About this exercise
Return the whole listing exactly, omitting the pictures.

Provided material
::::
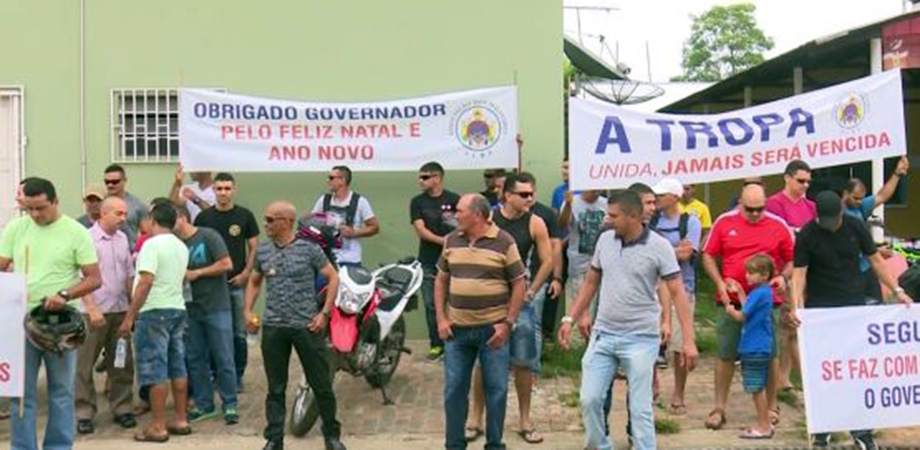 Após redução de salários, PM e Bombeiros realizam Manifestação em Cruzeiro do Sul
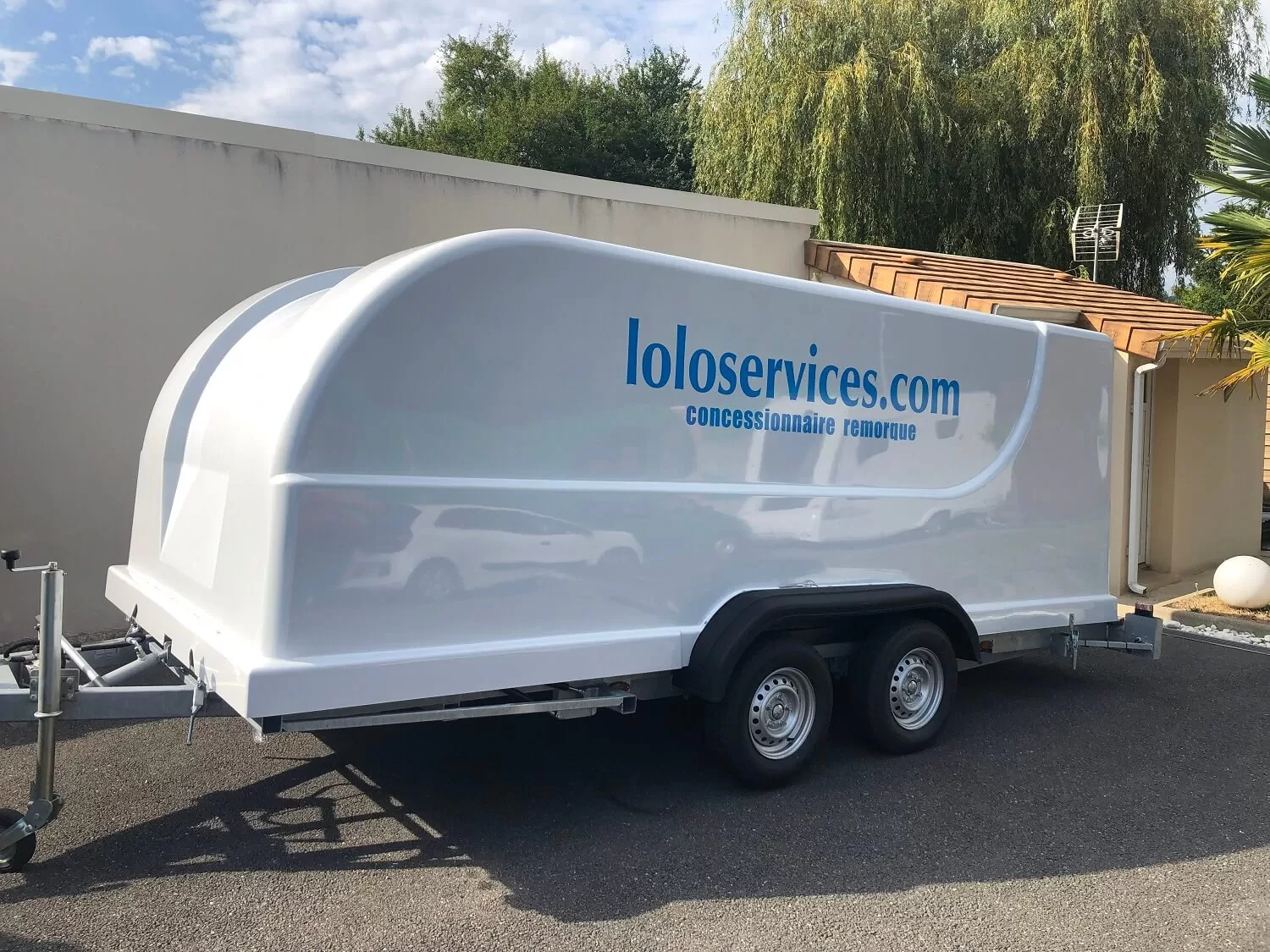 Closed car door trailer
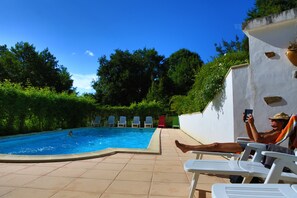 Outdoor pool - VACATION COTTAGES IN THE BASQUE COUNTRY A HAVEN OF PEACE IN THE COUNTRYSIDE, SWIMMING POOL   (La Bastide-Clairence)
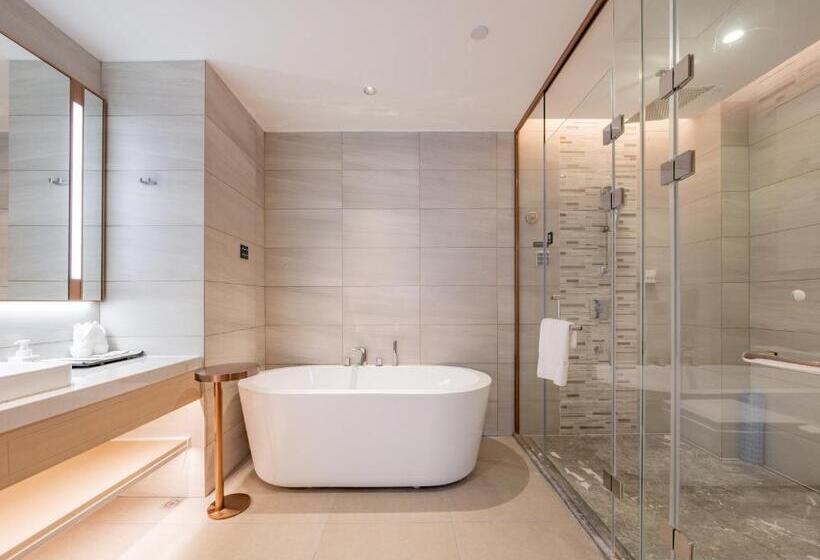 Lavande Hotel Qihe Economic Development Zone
::::
Answer to this problem
 Após redução de salários, PM e Bombeiros realizam Manifestação em Cruzeiro do Sul
 Closed car door trailer
 Outdoor pool - VACATION COTTAGES IN THE BASQUE COUNTRY A HAVEN OF PEACE IN THE COUNTRYSIDE, SWIMMING POOL   (La Bastide-Clairence)
 Lavande Hotel Qihe Economic Development Zone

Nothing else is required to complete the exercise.